Was macht ein Bernd Gossi mit Ende 20, zwei Anläufen an der Uni und zwei Jobs später? Er bündelt seinen Erfahrungsschatz und wagt 2011 den Sprung ins Content- und Social Media Marketing. "Das war eine Zeit, in der man auf Facebook noch keine Werbung schalten konnte. Es gab den Job so noch gar nicht, das war schon krass", erinnert er sich.
"Ich habe Blogartikel verfasst, mir Gewinnspiele einfallen lassen und bin schon lange vor Podcast-Zeiten mit Kamera und Mikrofon ausgestattet in Firmen gefahren. So habe ich jahrelang für Unternehmen Content kreiert und eine Community beziehungsweise Kundenstämme aufgebaut. Rückblickend betrachtet war es echt spannend, ein komplett neues Berufsbild mitgestaltet zu haben."
Heute steht für den Südburgenländer fast jede Woche ein musikalisches Highlight am beruflichen Programm. Gossi ist PR- und Artist Relations Manager bei Austrian Audio, das auf die Produktion von Mikrofonen und Kopfhörer spezialisiert ist. "Meine Aufgabe ist es, unsere Mikros zu den Musikern und deren Toningenieure zu bringen."
Depeche Mode am Handy
Dass es sich dabei um weltbekannte Musiker und Bands handelt, wird erst im Lauf des Gesprächs klar.

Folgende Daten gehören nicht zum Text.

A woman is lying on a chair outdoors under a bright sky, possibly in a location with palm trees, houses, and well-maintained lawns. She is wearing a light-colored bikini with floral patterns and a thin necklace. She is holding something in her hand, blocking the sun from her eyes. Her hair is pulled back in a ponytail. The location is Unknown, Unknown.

"Am Schlagzeug von Depeche Mode sind wir mit unseren Produkten vertreten. Der Schlagzeuger ist Österreicher und ich habe erst vorhin mit ihm telefoniert. Oder Rod von den Ärzten, der spontan meiner Einladung gefolgt und vorbei gekommen ist, um bei uns neue Mikros zu testen. Eigentlich ist jeder Tag in meinem Beruf ein Highlight, aber wenn du mitten in der Nacht vom Live-Techniker der Band Slipknot angerufen wirst und der sagt 'Hey bro, mikrophones are great', dann ist das nochmal extracool."
Ein Leben wie ein Soundtrack: Bernd Gossi mit Rod von den Ärzten.

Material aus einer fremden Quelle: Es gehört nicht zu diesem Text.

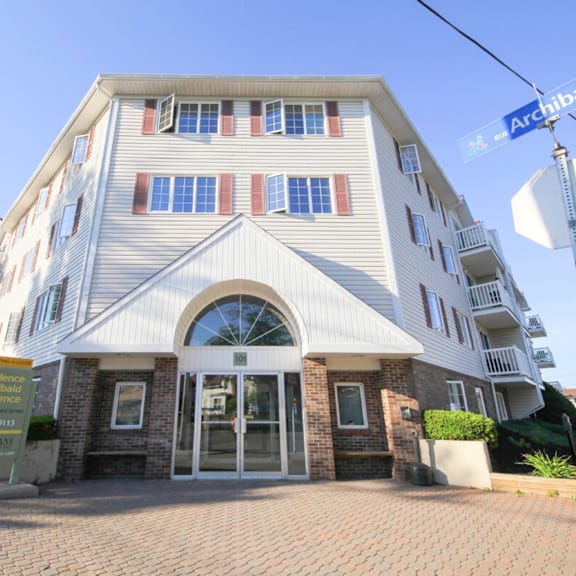 a large white building with a sign that says "residence" in front of it.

Beruflich muss Bernd Gossi viel reisen. "Das war anfangs hart. Aber Musik gibt mir so viel, mit meiner Arbeit kann ich ein bisserl zurückgeben. Die perfekte Akustik mithilfe unserer Geräte, nämlich. Ohne Musik geht bei mir nix, schließlich braucht auch das Leben selbst einen Soundtrack. Meiner ist mal Hardcore, mal Rock´n Roll, aber bestimmt nie langweilig."